Ullrich O.
Google
When the Name Is Louder Than the Food
I write this review as a professional chef with 20 years in the restaurant industry, and as someone who has dined extensively in restaurants of comparable or higher caliber, including Da Vittorio (Bergamo), Riva del Fiume (Four Seasons Bangkok), and many others.
All four of us at the table, independently, shared the same reactions.
Service: performance without comprehension
The waitstaff consistently spoke English in a very fast, low, mumbled manner, making explanations impossible to understand not occasionally, but constantly. None of the four of us could clearly understand the dishes. At all.
Italian words were frequently misspelled
It was immediately evident that:
the staff did not deeply understand the food,
had likely not tasted the dishes properly,
and had not been trained through real dialogue with the kitchen.
In serious fine dining, front-of-house must taste every dish, understand why ingredients are chosen, and be able to explain them with authority. Another striking absence: not a single Italian staff member was present, and the chef was not visible. This is not a requirement in itself, but when compared with places like Riva del Fiume, where Italian professionals anchor the identity of the cuisine and greet guests, the difference is enormous.
A troubling detail: the “welcoming drink”

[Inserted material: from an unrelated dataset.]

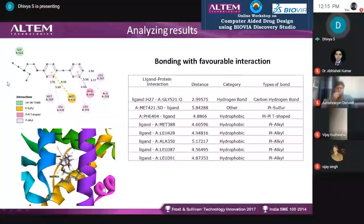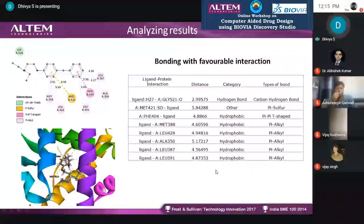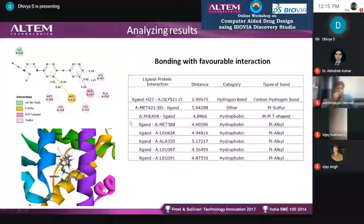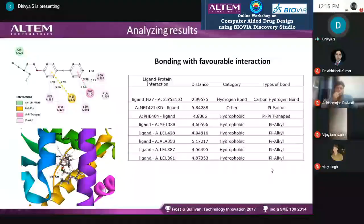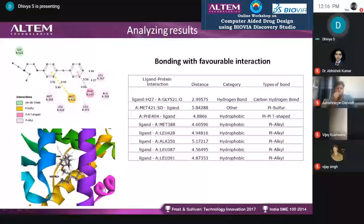The output includes distance information for interactions: atomic-level interaction, what is the distance, what is the category of the particular interaction, and what bond types are happening. You can tabulate this easily, and this is how it will be presented in the 3D view.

When booking, we were told a welcoming drink would be offered.
It was charged.
If a drink is charged, it is an aperitif and must be presented as such. A welcoming drink is a gesture, especially at this price point.
At 60,000 baht, the issue is not the cost of a glass, but the philosophy.

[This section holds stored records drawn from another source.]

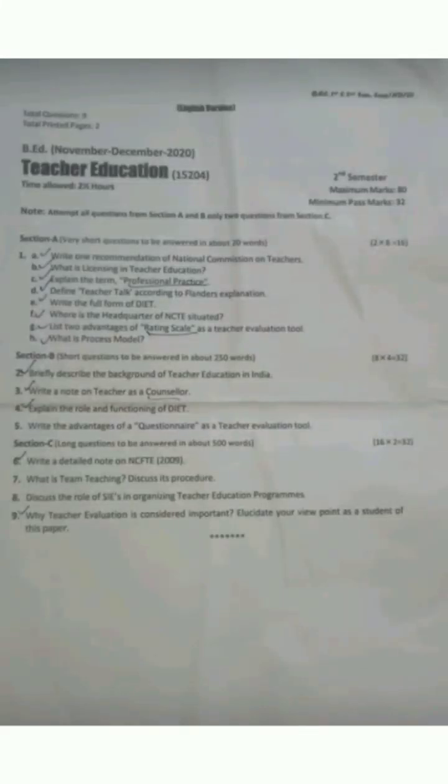Salaam alaikum and warm welcome to everyone on Redeem Knowledge YouTube channel. We are back with another important video. In this video we will be discussing the three important previous year question papers of teacher education — the papers of 2020, 2021, and 2022. Let's start the video.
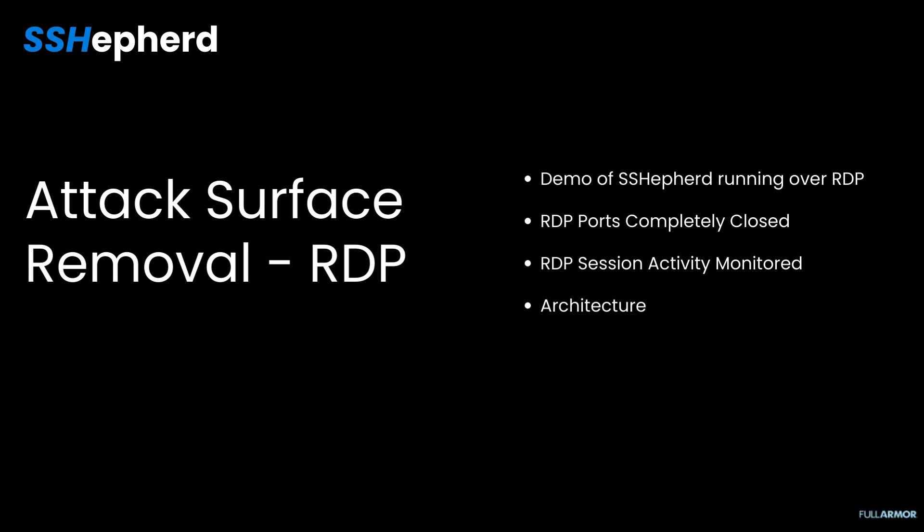In this demo, I will show you how Shepard connects to your critical servers over RDP while the ports are completely closed. We'll see how the RDP sessions are monitored in real time. And finally, we'll take a look at Shepard's patented architecture.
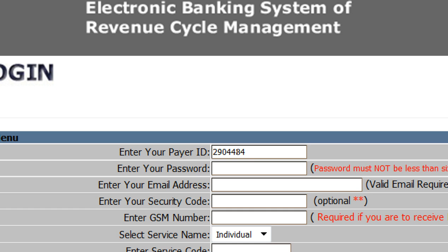In the password prompt, enter your password. Your preferred password should be six or more characters in length. Enter your email address. Please ensure you supply your own valid and active email address, as you will subsequently receive payment alerts through this medium.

Great restaurants are generous. They are confident enough to give.
Charging a welcoming drink is not fine dining.
It is cheap hospitality.
Culatello
No aroma, no character. Something was clearly wrong storage or sourcing. Having eaten excellent culatello recently at Riva del Fiume, the contrast was stark.
Scampi tartare, Oscietra caviar, apple, hazelnut
Excessively fatty, with too many elements overwhelming the dish. The caviar supposedly the star became completely tasteless. A classic mistake: too many ingredients fighting, resulting in confusion instead of harmony. Again, the caviar itself seemed mishandled.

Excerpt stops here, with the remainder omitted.